• _The data_:
== Segment start ==
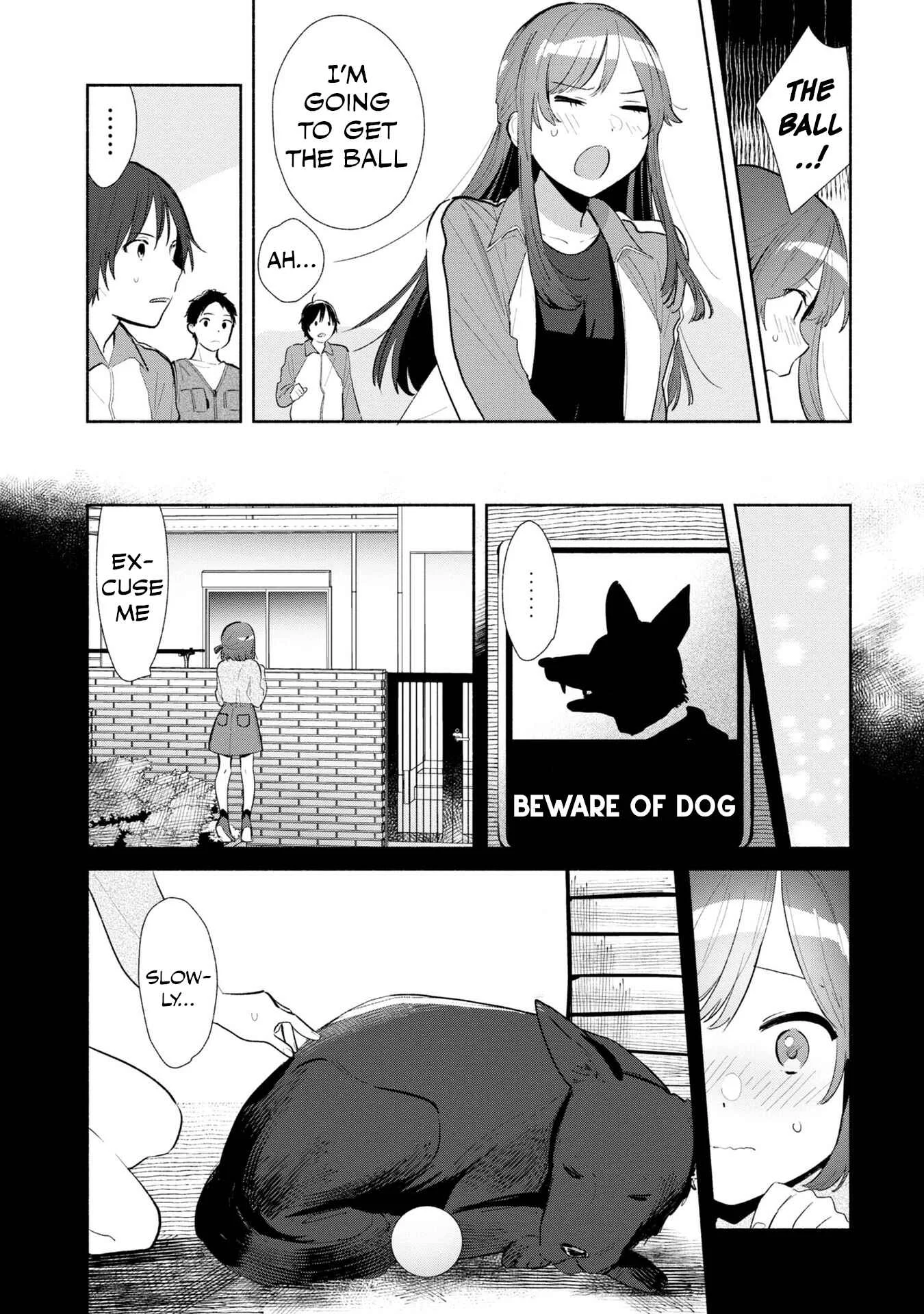 Kimi no Wasurekata o Oshiete Chapter 3 - Page 11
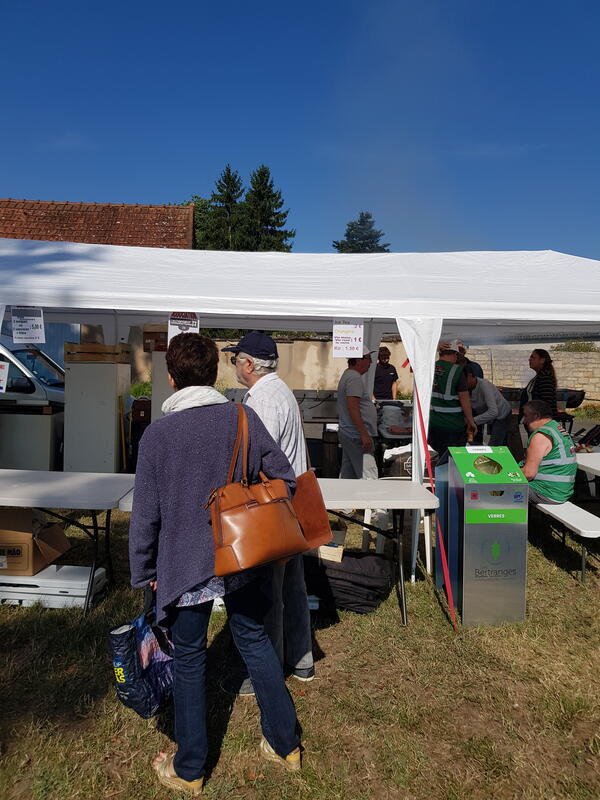 Vide-greniers de l'échangeur 29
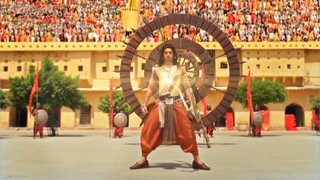 KARNA MENUNJUKKAN KEDEWAANNYA DENGAN PERISAI SUCI DI TUBUHNYA EPS. 52
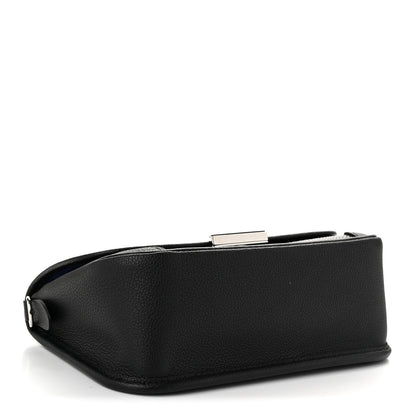 Louis Vuitton Epi Buci Crossbody Black 4 of 9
== Segment end ==
• _Required work_: Pictures must be left out. Return verbatim only the lines from the line with "KARNA MENUNJUKKAN KEDEWAANNYA" through the final line of the material above, including both ends.

• _Task result_:
 KARNA MENUNJUKKAN KEDEWAANNYA DENGAN PERISAI SUCI DI TUBUHNYA EPS. 52
 Louis Vuitton Epi Buci Crossbody Black 4 of 9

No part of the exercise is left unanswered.